Another use for the 'mesh onion bags' is for putting peanuts in and hanging on trees or the eaves of your home. I have been doing this for years and enjoy watching the chickadees and woodpeckers as they cling to the bags and eat away at the peanuts (unsalted of course). The mesh should be the smaller holes but are just as easy to find as the other. Tie a loose knot and put any type of hanger through the knot. This may be used over and over again.
By Willi from Calgary, Canada
Please do not use mesh onion bags for the birds. I had used them for many years until a bird got its' leg tangled in one. I had a hard time trying to save the bird. The bird was so stressed out, as so was I. Good thing I was home when it happened. It was very cold and the poor thing would have froze or broke its' leg. Invest in the wire cages, they last forever and are safer then the mesh bags.

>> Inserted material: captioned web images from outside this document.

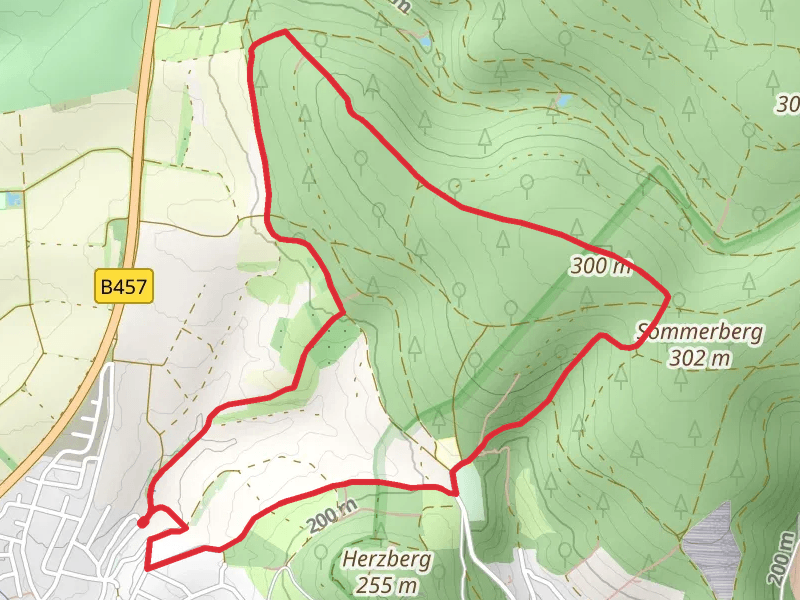 Lieblos and Oberwald Loop
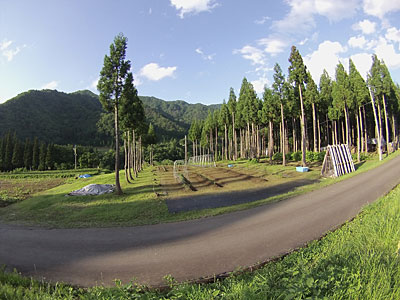 農園の畑と畑の周りの草刈りをしました。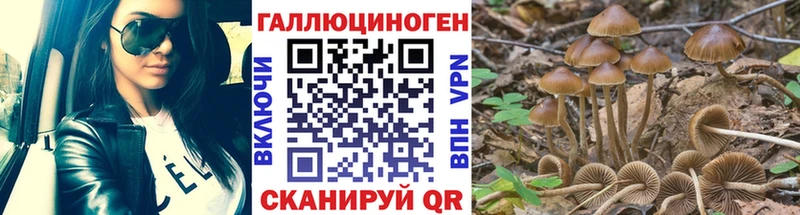 Галлюциногенные грибы Magic Shrooms  Лиски 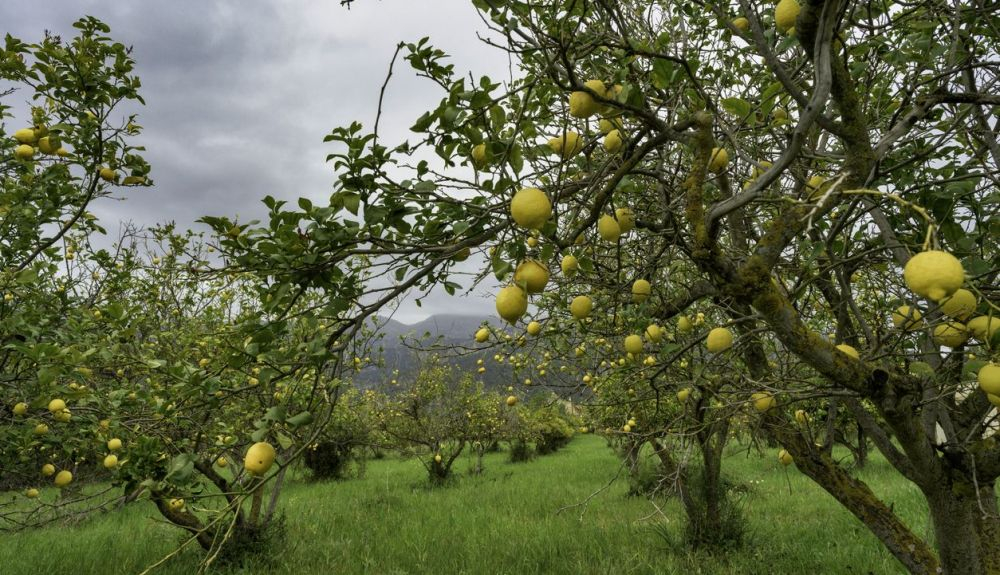 En España, el sector del limón captura 360.550 toneladas de dióxido de carbono (CO2) al año. En España, el sector del limón captura 360.550 toneladas de dióxido de carbono (CO2) al año.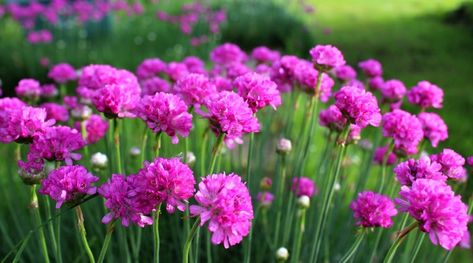 17 May Blooming Perennials to Plant Right Now Sea Thrift, Pink Perennials, Hardy Geranium, Perennial Flower, Asclepias Tuberosa, Sun Loving Plants, Alpine Plants, Small White Flowers, Flower Spike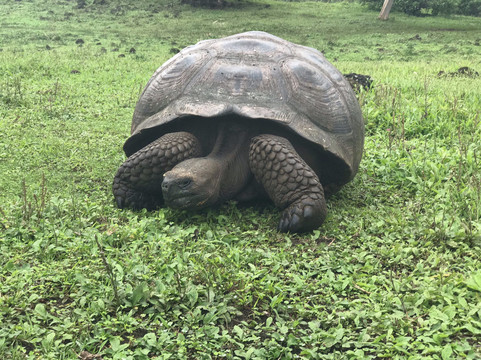 Good Life Expeditions-利马必去景点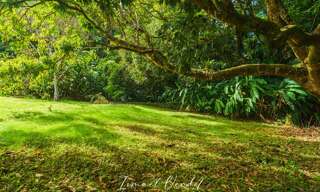 Terrain  887 m² à vendre à Petit-Bourg (97170)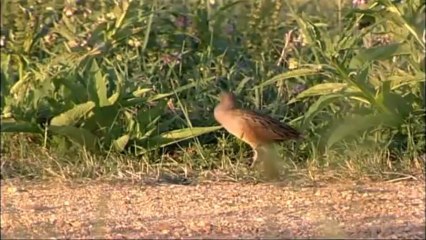 Estuarium - Marais estuariens - Le Râle des Genêts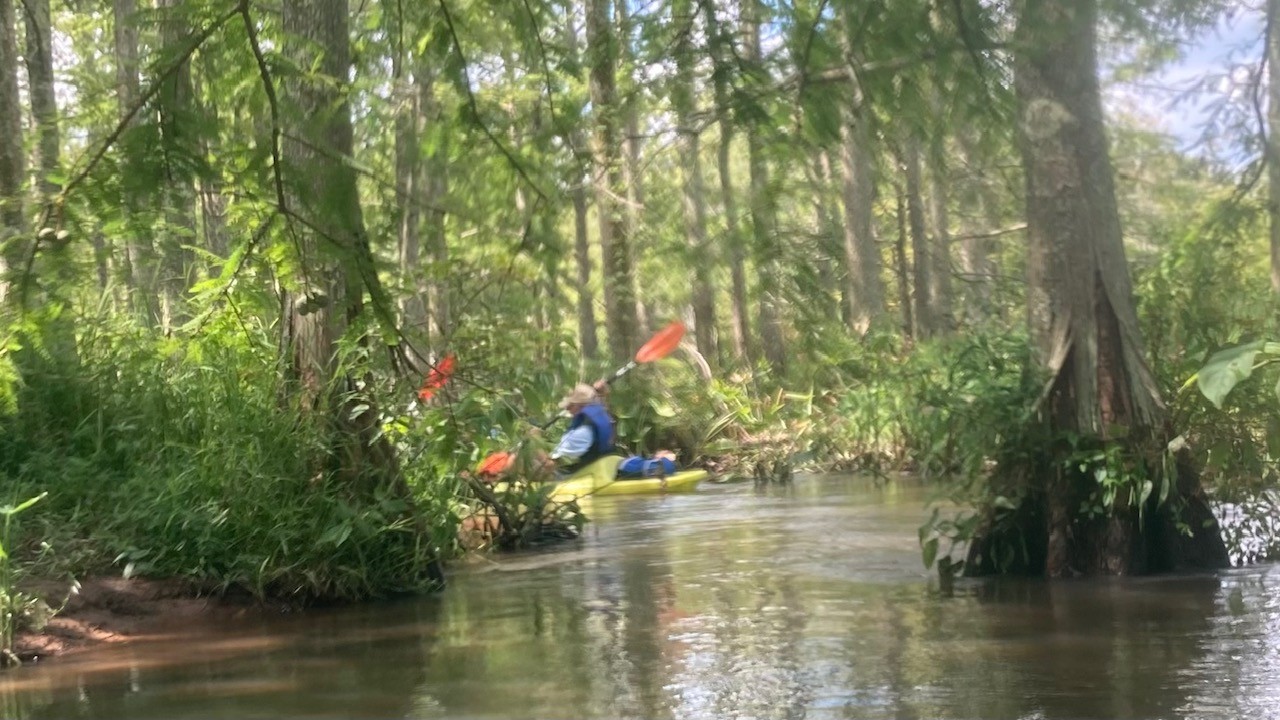 Ways to Give: Donor-Advised Funds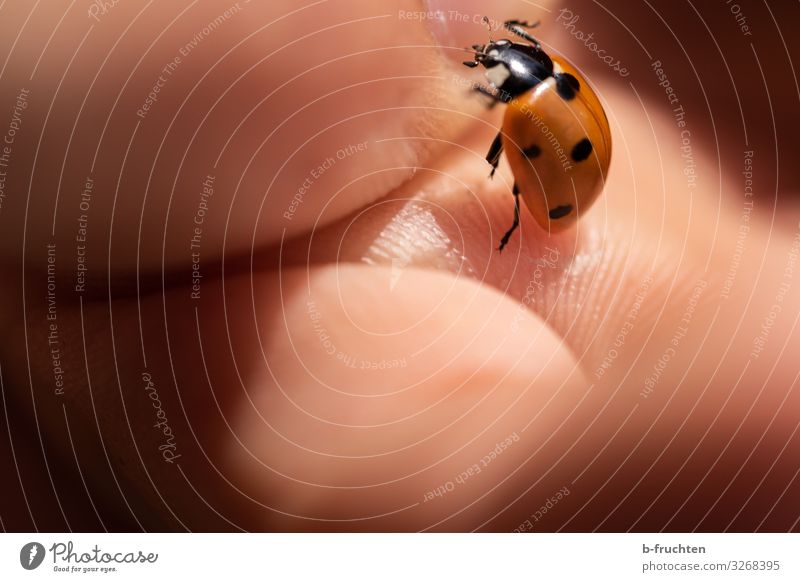 ladybugs Fingers Summer Beetle 1 Animal Observe To hold on Happy Ladybird Crawl Point Red Joie de vivre (Vitality) Colour photo Exterior shot Close-up Detail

I know those mesh bags appear to be a good choice for using as feeders for our wildbirds, but please do not use them outside for anything pertaining to an animal which might get their feet caught in the mesh. They have caused so many birds to lose feet, toes and sometimes their entire legs. We once found a beautiful blue jay with its beak somehow caught in the mesh, and then in its struggle to get free must have become more entangled and the mesh ended around its neck.
Poor thing was too far gone for anyone to do anything at all. I also never put those plastic thingees that hold 6 packs of soft drinks in the trash or garbage without first cutting every single bit of it to pieces. So many birds and other small animals have become entangled in those too.
Plastic is a good thing, but it's not good when used in ways that hurt helpless animals. I'm sure you meant well and like you, I love feeding them. I enjoy their company all the time. Blue jays are wonderful entertainment.
The mockingbirds love raisins and can be trained to take them from your hands quite easily.
We use all platform feeders now. They are the safest way I know to feed and treat our feathered friends. We always set them up near trees. They're so easy to keep clean and best of all, they are safe. The nearby trees provide escape routes should they need one in a hurry.
Also lots of good clean fresh water in several different places in your yard and close to trees.
Hope this saves at least a few little animals' lives.